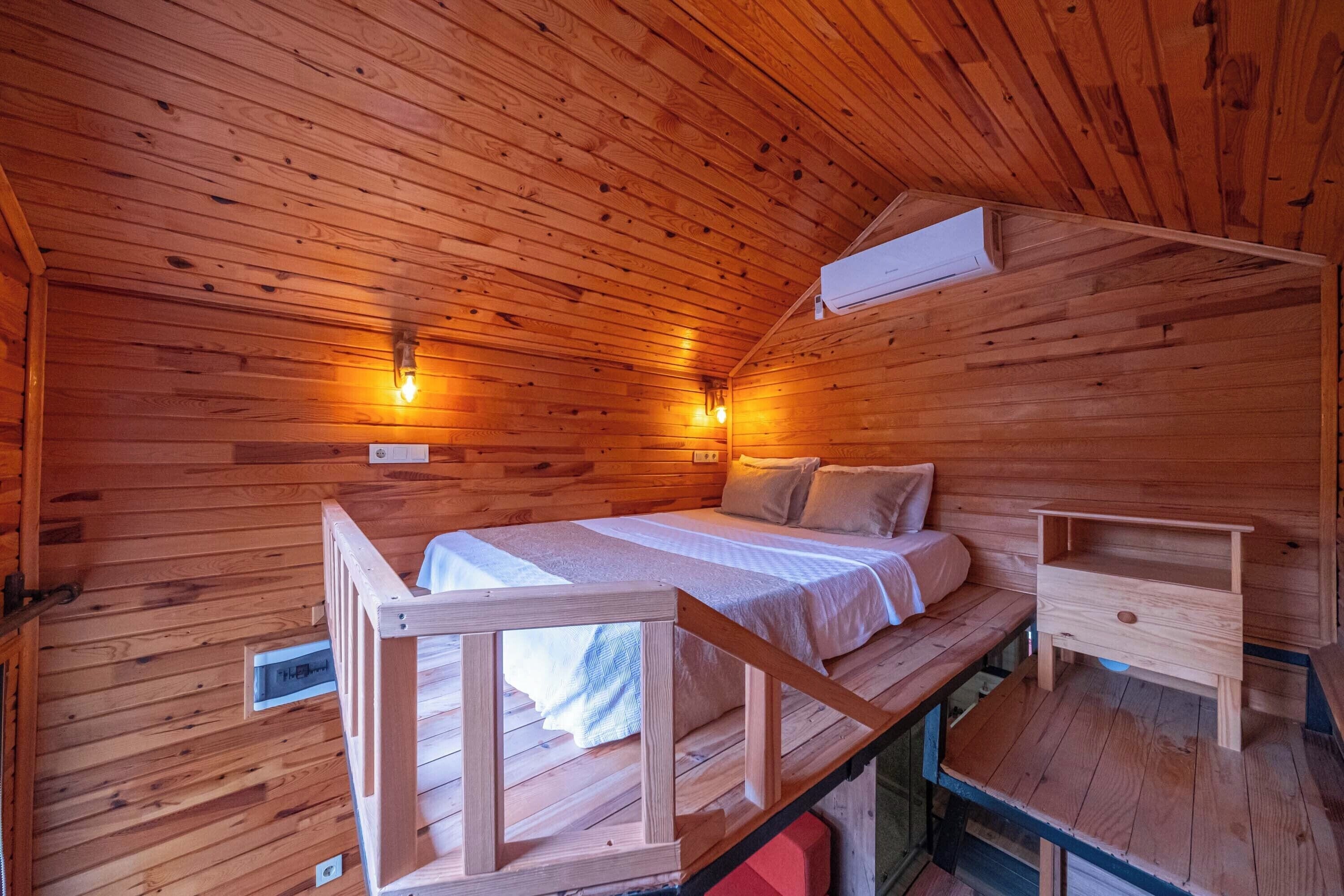 Bungalow Deluxe, vue piscine | Bureau, espace de travail pour ordinateur portable, Wi-Fi gratuit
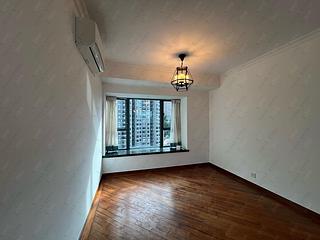 Mid Levels West - 80 Robinson Road 05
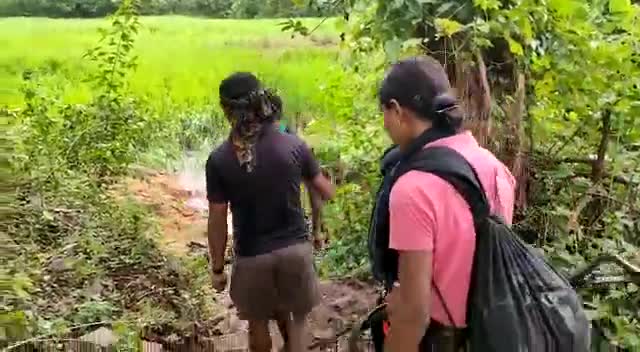 रायपुर: #Bastar के Sornar इलाके में DRG की महिला कमांडो ने 10 किलो से ज्यादा बड़ा IED बरामद कर #डिफ्यूज किया। #Naxaliyo को जबाब।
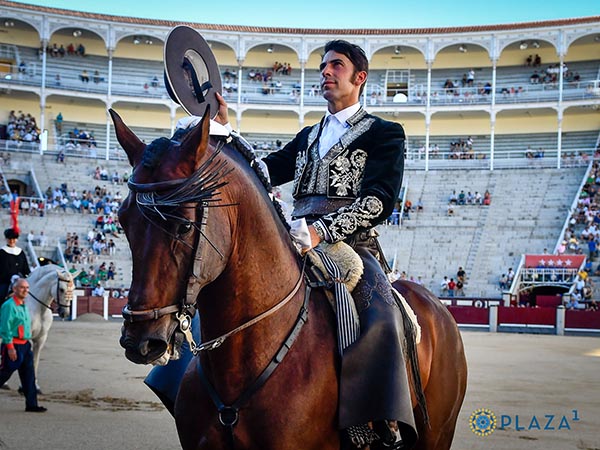 Roberto Armend�riz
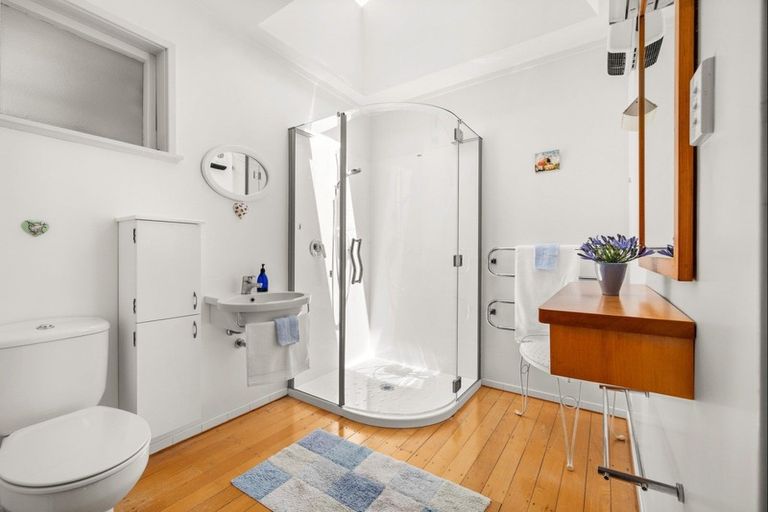 Photo of property in 275 Don Buck Road, Massey, Auckland, 0614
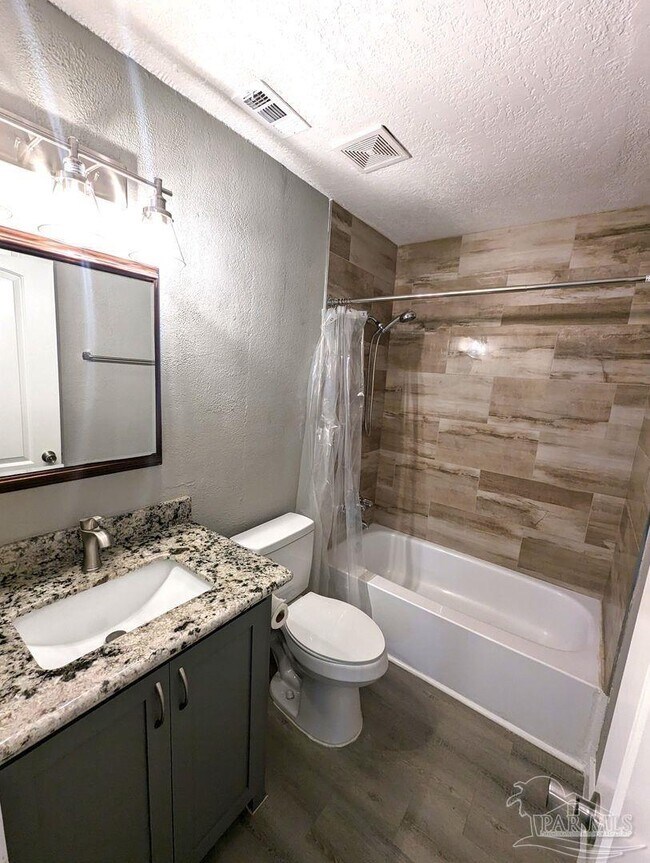 Building Photo - 6045 Hamilton Bridge Rd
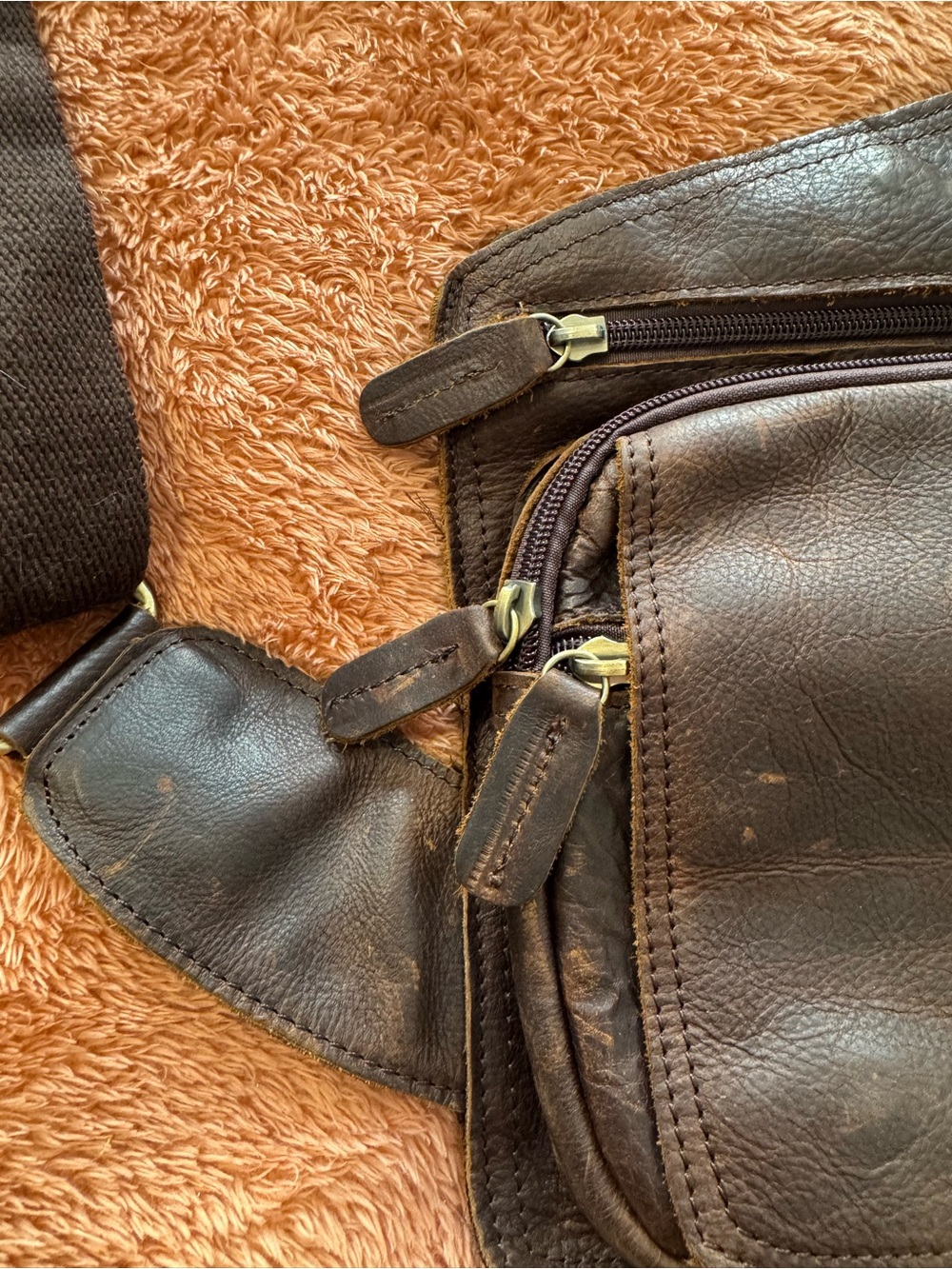 Men's Brown Leather Messenger Crossbody Bag - Picture 13 of 16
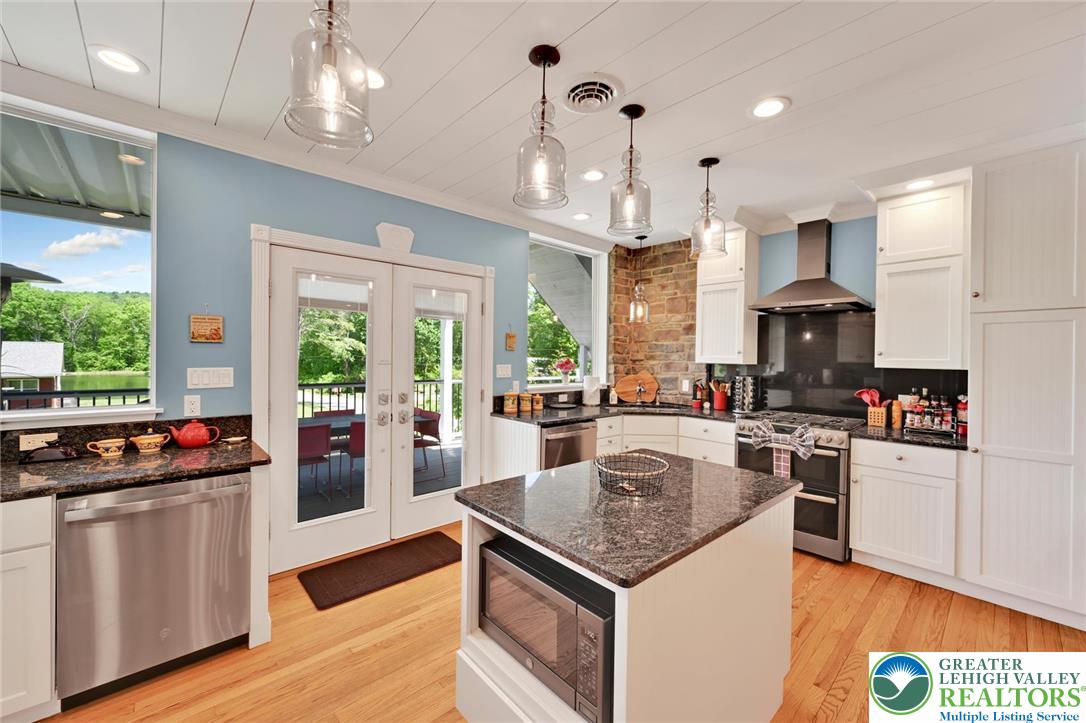 279 Greenview Drive Property Photo 15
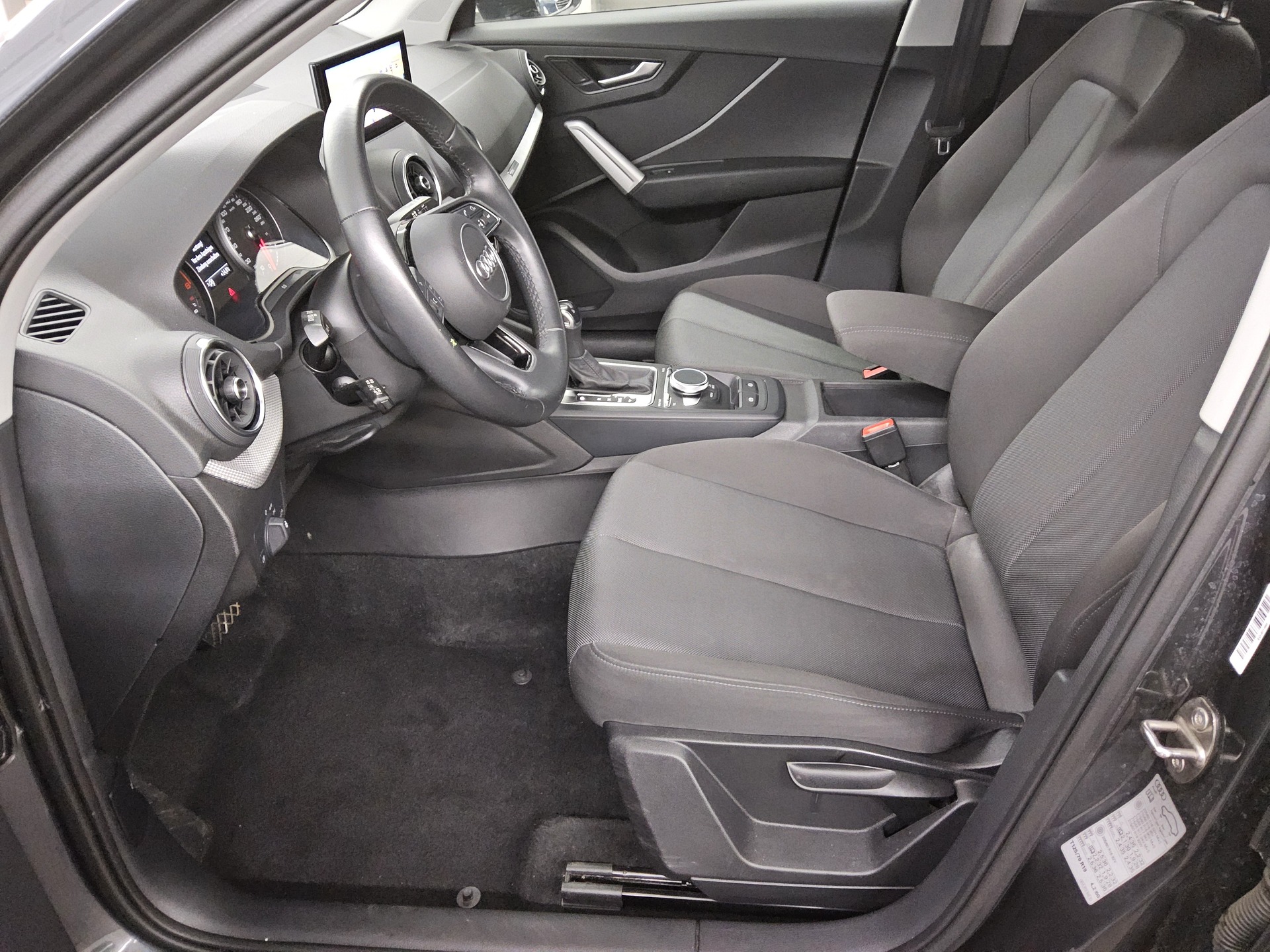 Audi Q2 35 TFSI Navi+ LED Kamera Shz 8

....................

WORK TO BE COMPLETED: Each line from the one that contains "Men's Brown Leather" through the end of the records should be restated exactly; include both end lines and leave any pictures out.

OUTPUT FOR THIS TASK:
 Men's Brown Leather Messenger Crossbody Bag - Picture 13 of 16
 279 Greenview Drive Property Photo 15
 Audi Q2 35 TFSI Navi+ LED Kamera Shz 8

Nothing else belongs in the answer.